● **EXERCISE DIRECTIONS**
A faithful, complete transcript of the entries below, without pictures, should be returned.

Captioned web image data:
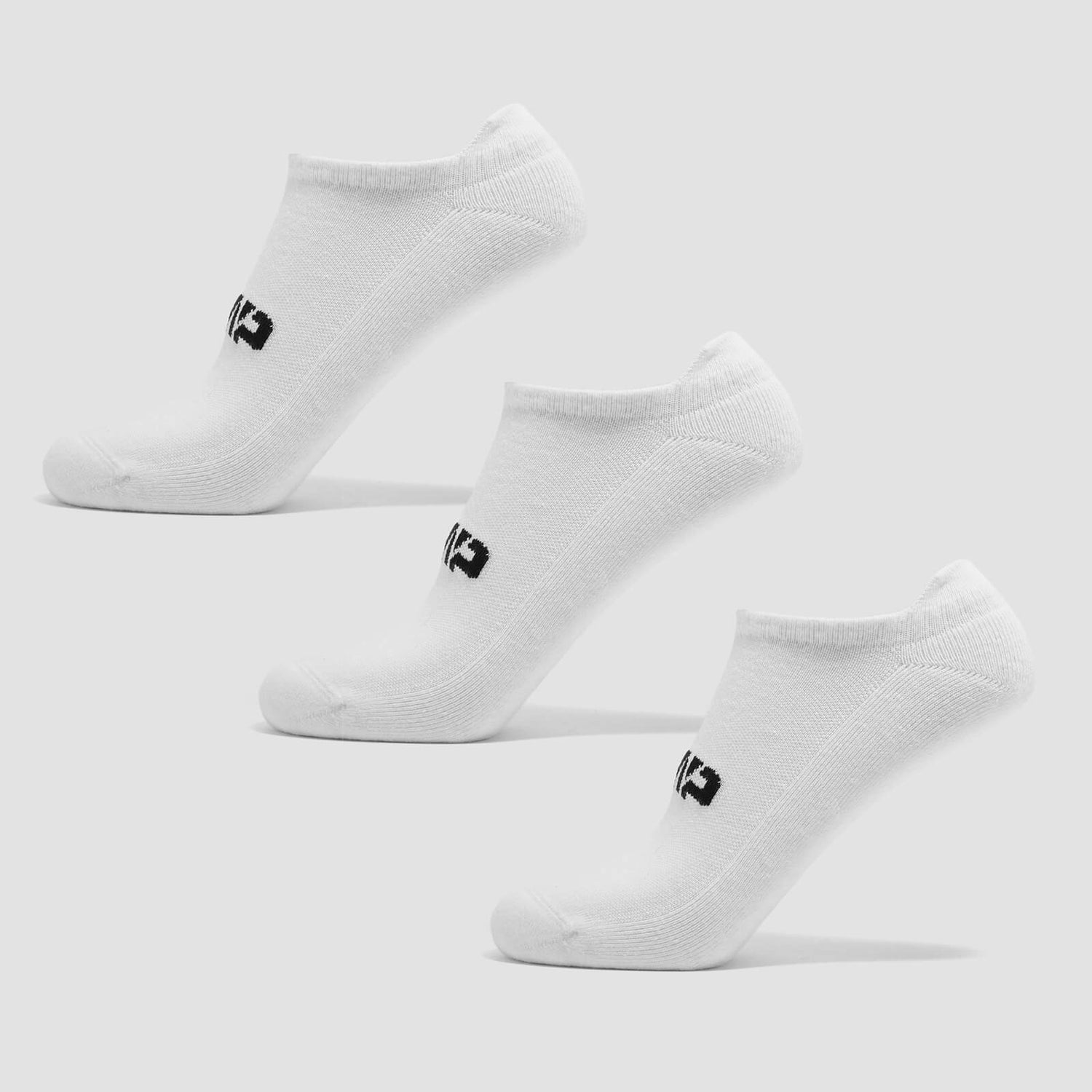 中性训练袜（3双）- 白色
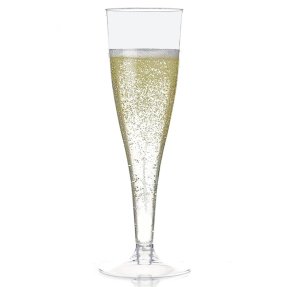 Champagneglas plast 4-pack 13,3 cl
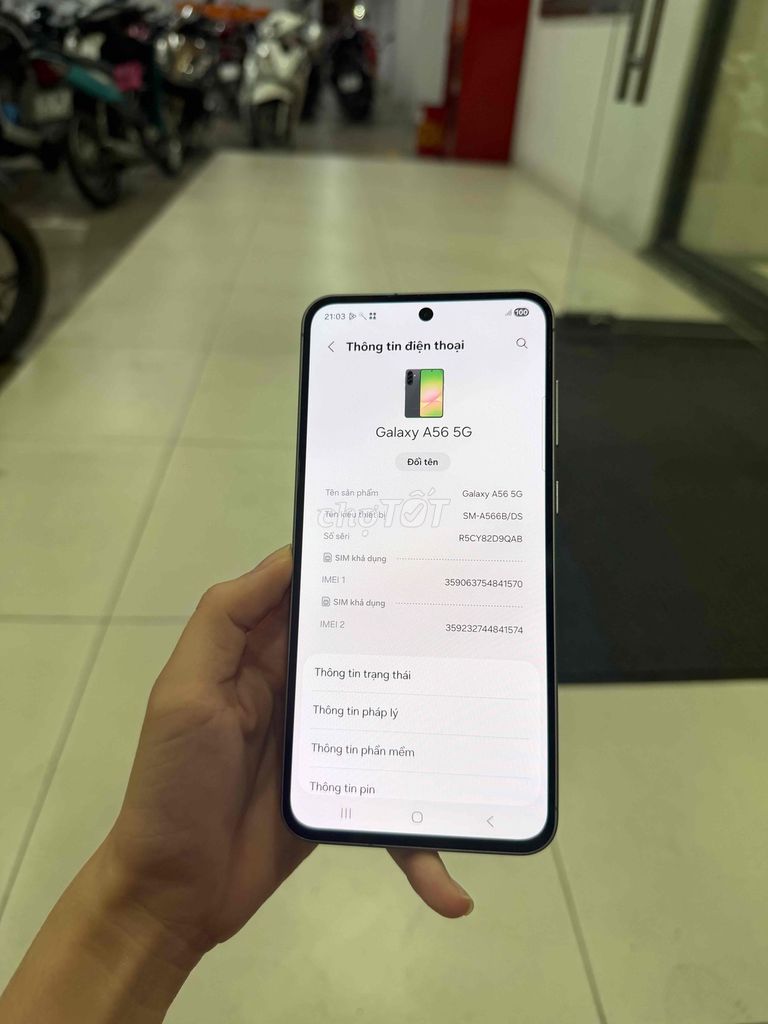 Samsung Galaxy A56 5G 8GB/256GB Đen. Mua bán Điện thoại tại Thành phố Thủ Dầu Một Bình Dương được đăng bởi Điện Thoại Giá rẻ Bình Dương hình 1
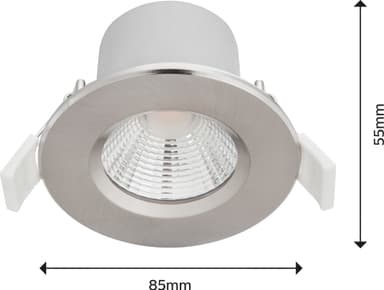 Philips Dive Ceiling spotlys 5,5W (sølv)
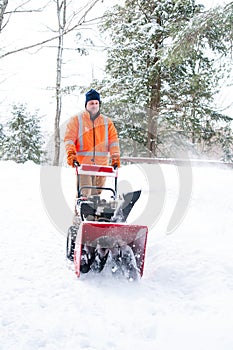 Clearing a driveway of snow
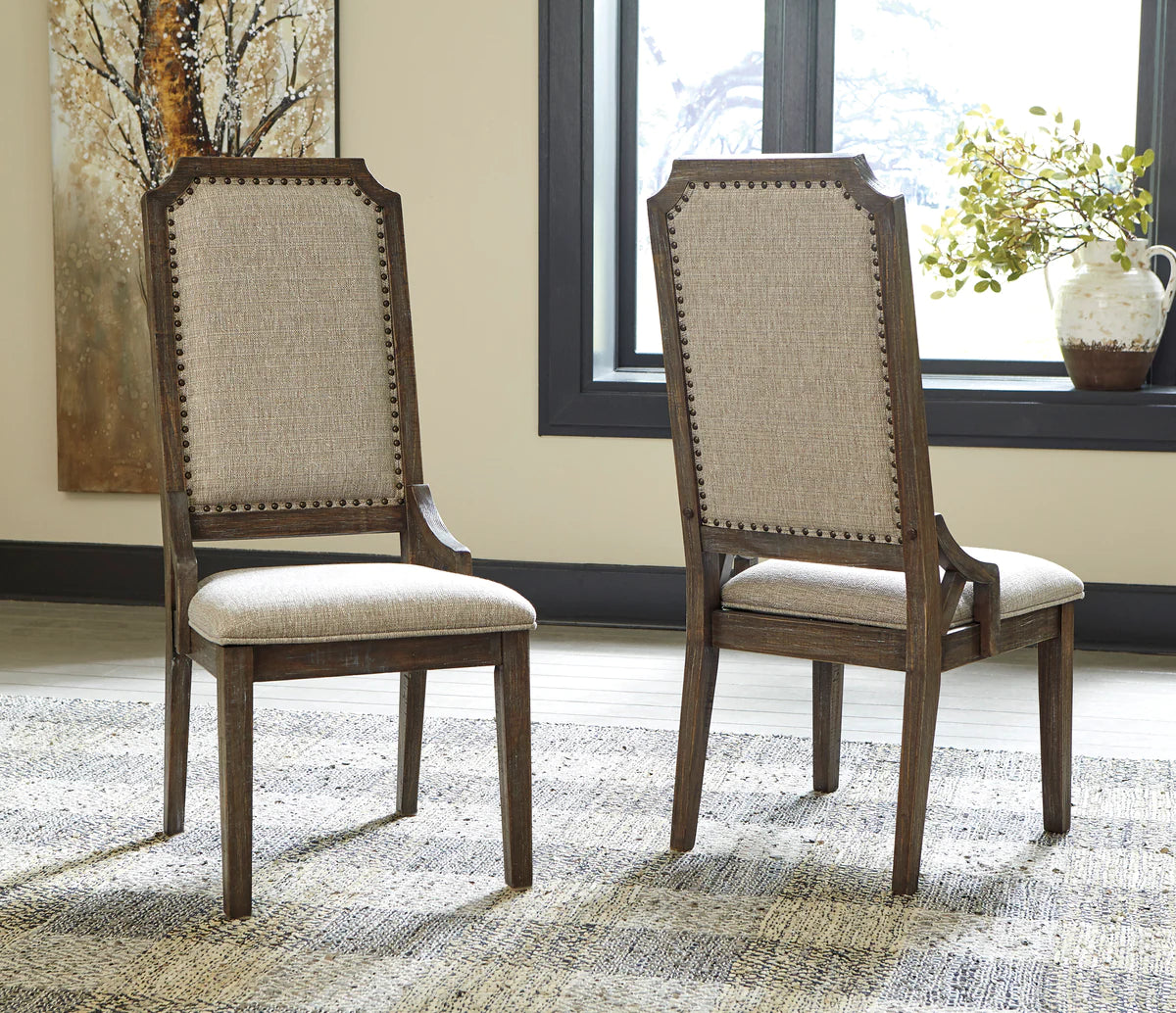 Wyndahl Rustic Brown Extendable Dining Set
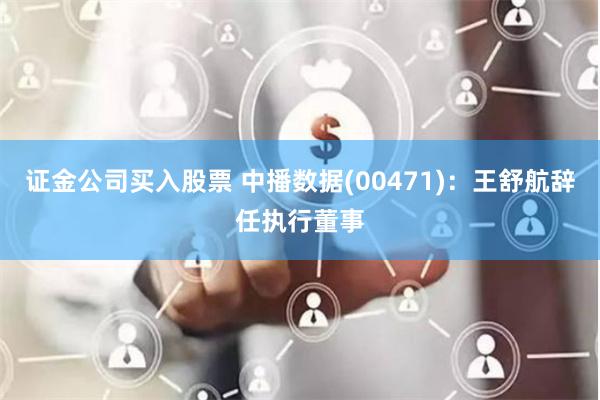 证金公司买入股票 中播数据(00471)：王舒航辞任执行董事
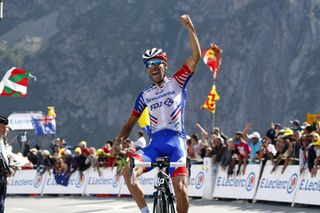 Pinot takes the win on the Tourmalet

● **TASK OUTPUT**
 中性训练袜（3双）- 白色
 Champagneglas plast 4-pack 13,3 cl
 Samsung Galaxy A56 5G 8GB/256GB Đen. Mua bán Điện thoại tại Thành phố Thủ Dầu Một Bình Dương được đăng bởi Điện Thoại Giá rẻ Bình Dương hình 1
 Philips Dive Ceiling spotlys 5,5W (sølv)
 Clearing a driveway of snow
 Wyndahl Rustic Brown Extendable Dining Set
 证金公司买入股票 中播数据(00471)：王舒航辞任执行董事
 Pinot takes the win on the Tourmalet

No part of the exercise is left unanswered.